Vive instalado en la queja. Siempre que habla de las cosas que le suceden lo hace desde el dolor, desde la pena, el resentimiento, la disconformidad y la insatisfacción.
Se ve a sí mismo como una víctima. Una persona que vive en un mundo de hostilidad, que está sometida a las circunstancias de la vida y que no tiene ninguna capacidad ni para mejorar su situación, ni para alcanzar sus objetivos, ni para lograr mejores escenarios.
Dedica toda su energía a encontrar a los culpables de su infelicidad y a compararse con los demás. A veces se lamenta de sí mismo y se reconoce responsable de todo de una manera destructiva, resignándose a la idea de que él ha nacido así y de que ya es tarde para cambiar.

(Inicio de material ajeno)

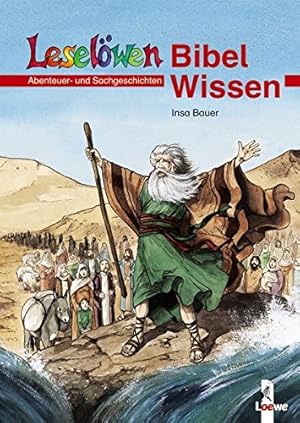 Seller image for Bibel-Wissen (Leselwen-Wissen) for sale by Gabis Bcherlager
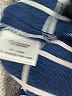 Sami & JO Blue 3/4 Sleeve Button-Down Shirt Size XL - photo 8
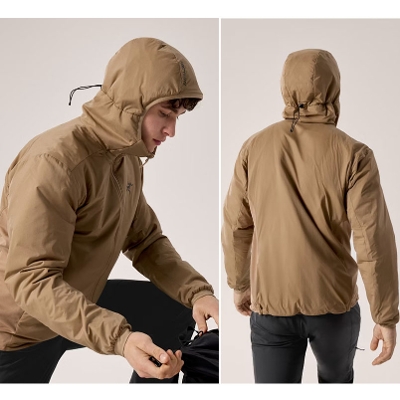 ARC'TERYX A[NeNX Atom Hoody Mens Agt[fB[ Y2025FW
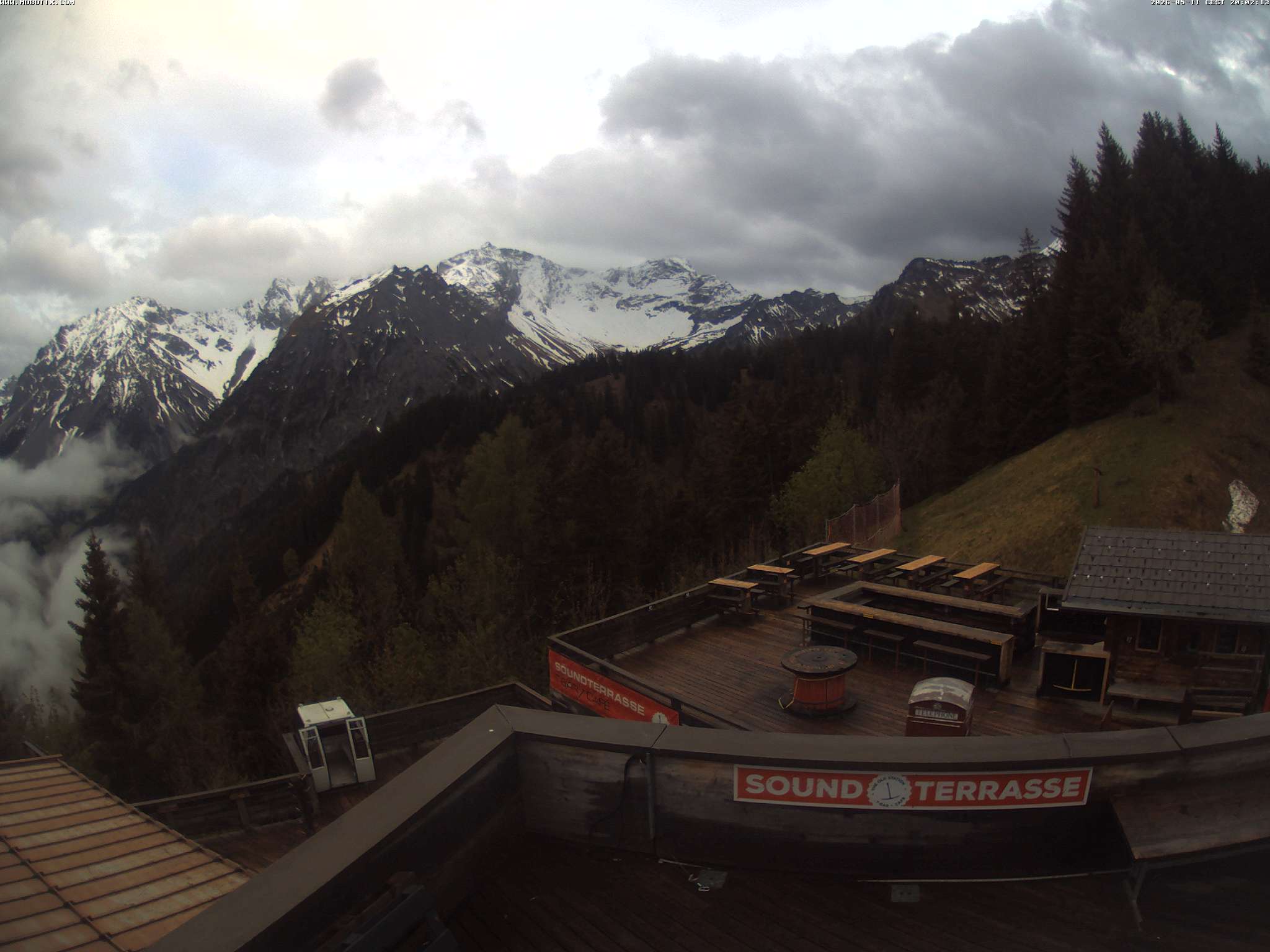 Brandnertal - Niggenkopf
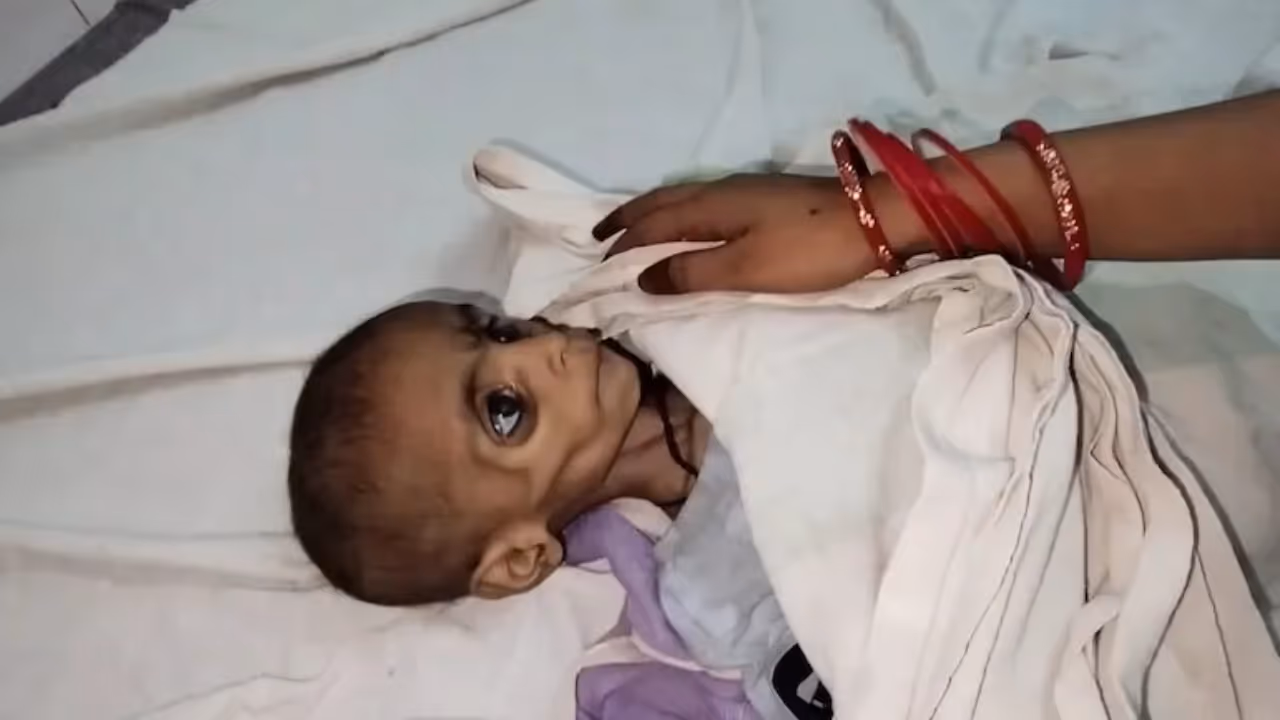 Malnutrition child death madhya pradesh Malnutrition child death madhya pradesh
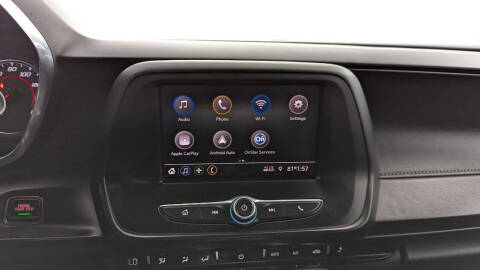 2020 Chevrolet Camaro LT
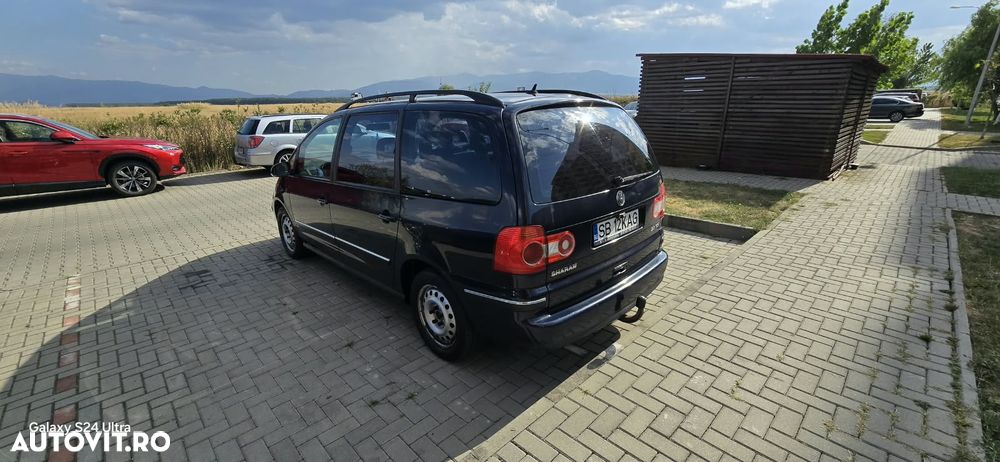 Volkswagen Sharan 2.0 TDI Comfortline - 21
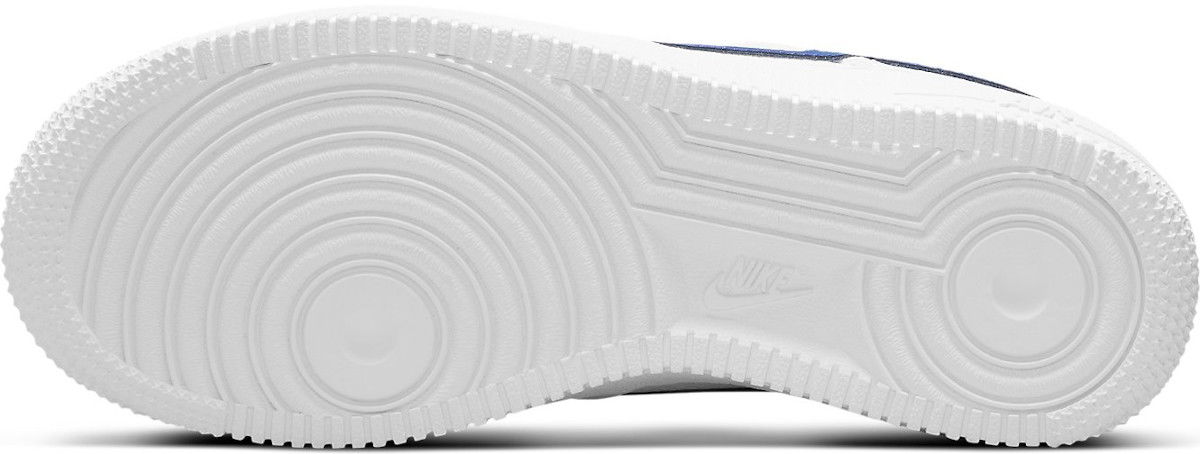 Sneakers og sko Nike Air Force 1 Low GS Hvid | ct3839-101, 1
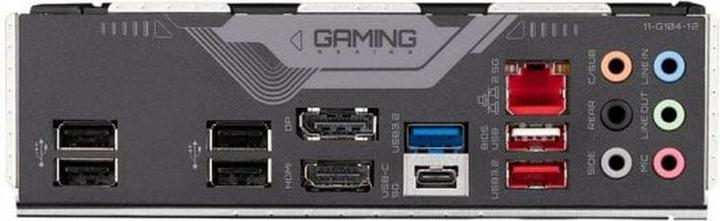 Actual product image Gigabyte B760 GAMING X (LGA 1700, Intel B760 Express, ATX)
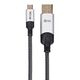 VCOM CU422MCV-1.8M Кабель-адаптер USB 3.1 Type-Cm --> DP(m) 8K@60Hz VCOM CU422MCV-1.8M Кабель-адаптер USB 3.1 Type-Cm --> DP(m) 8K@60Hz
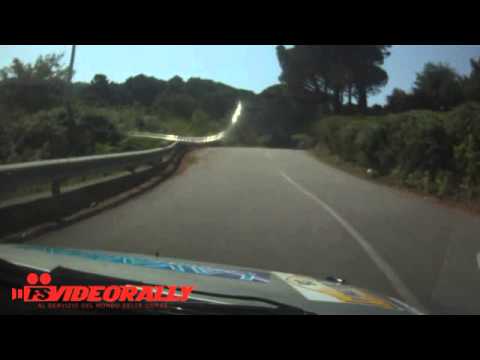 8° RALLY DEL TIRRENO VERCELLI MILICI   106  A6  fsvideorally.mp4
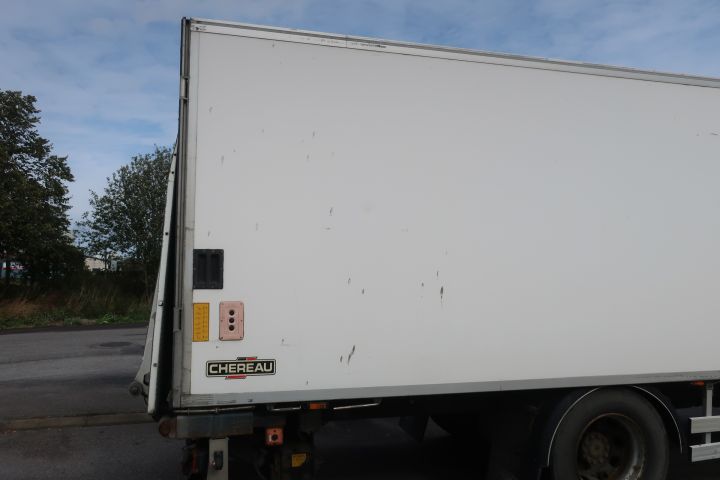 831266-77 MERCEDES-BENZ Actros 1832 L 4X2, 2009, 315 hp, Refrigerated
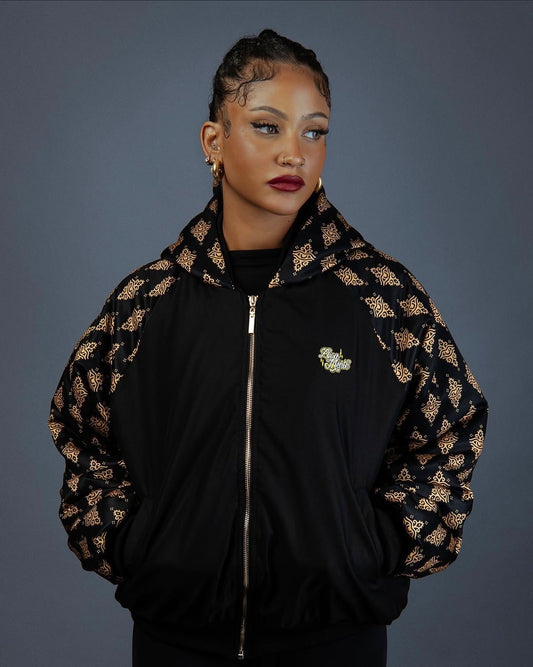 LIO BOMBER JACKET AAVAARA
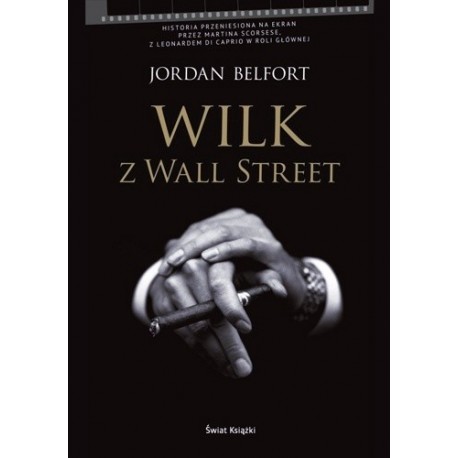 Wilk z Wall Street Jordan Belfort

Ha conseguido encontrar espacios de confort dentro de la queja. Después de todo hay personas que simpatizan y empatizan con ese sentimiento. Algunos, haciendo un noble ejercicio de solidaridad, se vieron en la obligación de ayudarle y rescatarle. Sin embargo entraron en un juego peligroso y actualmente son motivo de sus quejas, pues no le ayudaron de la forma que a él le habría gustado. Recientemente pasaron a engrosar la lista negra de aquellos agresores que le impiden alcanzar la felicidad.
¿Qué pasaría si saliese de ese espacio? ¿Qué sucedería si reflexionase sobre la forma en la que está contribuyendo él mismo a esa situación? ¿Y si descubriese que es sólo su forma de pensar lo que le aleja de esa felicidad?